*** MATERIAL FOR THIS EXERCISE ***

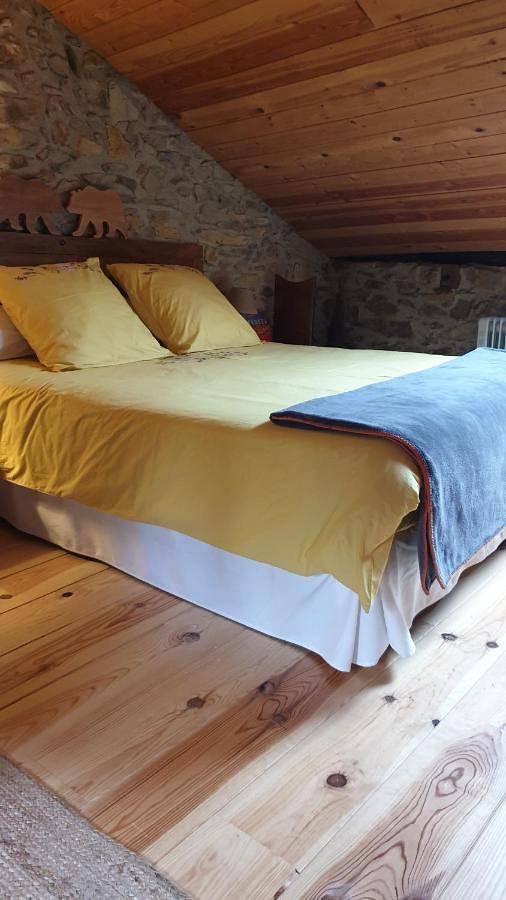 Economy Double Room in Sauveterre-de-Comminges, Haute-Garonne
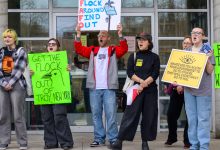 Resistance to Flock Cameras and Police Surveillance Is Exploding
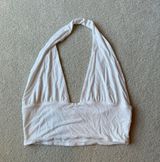 Halter Neck Top Photo 0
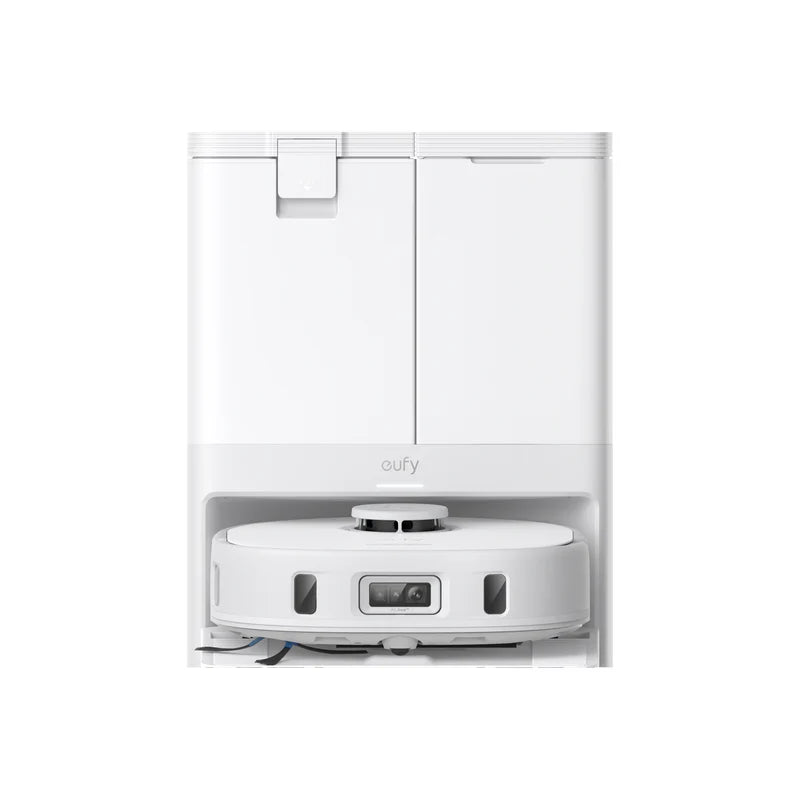 Eufy X10 Pro Omni Robot Vacuum and Mop with All-in-One Station- White | T2351221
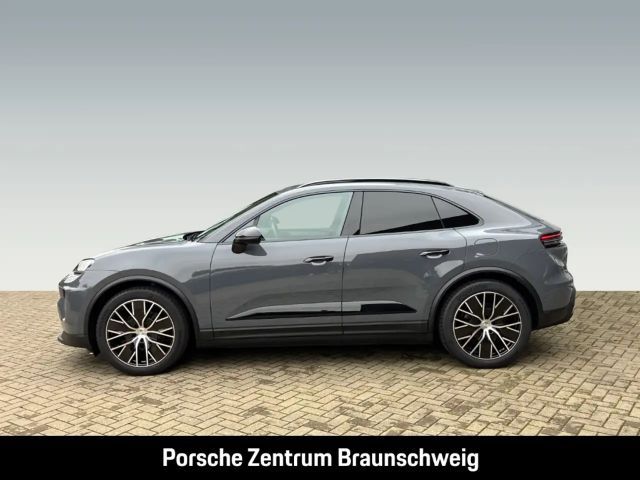 Porsche Macan 21-Zoll Rückfahrkamera Abstandstempomat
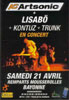 trunk - artsonic - kontuz - lisabo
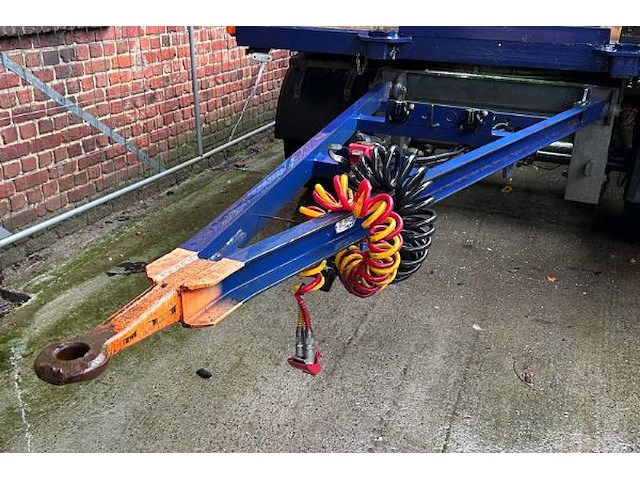 Oplegger aanhanger noyens - afbeelding 59 van  59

*** End of MATERIAL FOR THIS EXERCISE ***

■ WORK TO BE COMPLETED
Apart from the pictures, the entries above are to be repeated in full and exactly.

■ RESPONSE
 Economy Double Room in Sauveterre-de-Comminges, Haute-Garonne
 Resistance to Flock Cameras and Police Surveillance Is Exploding
 Halter Neck Top Photo 0
 Eufy X10 Pro Omni Robot Vacuum and Mop with All-in-One Station- White | T2351221
 Porsche Macan 21-Zoll Rückfahrkamera Abstandstempomat
 trunk - artsonic - kontuz - lisabo
 Oplegger aanhanger noyens - afbeelding 59 van  59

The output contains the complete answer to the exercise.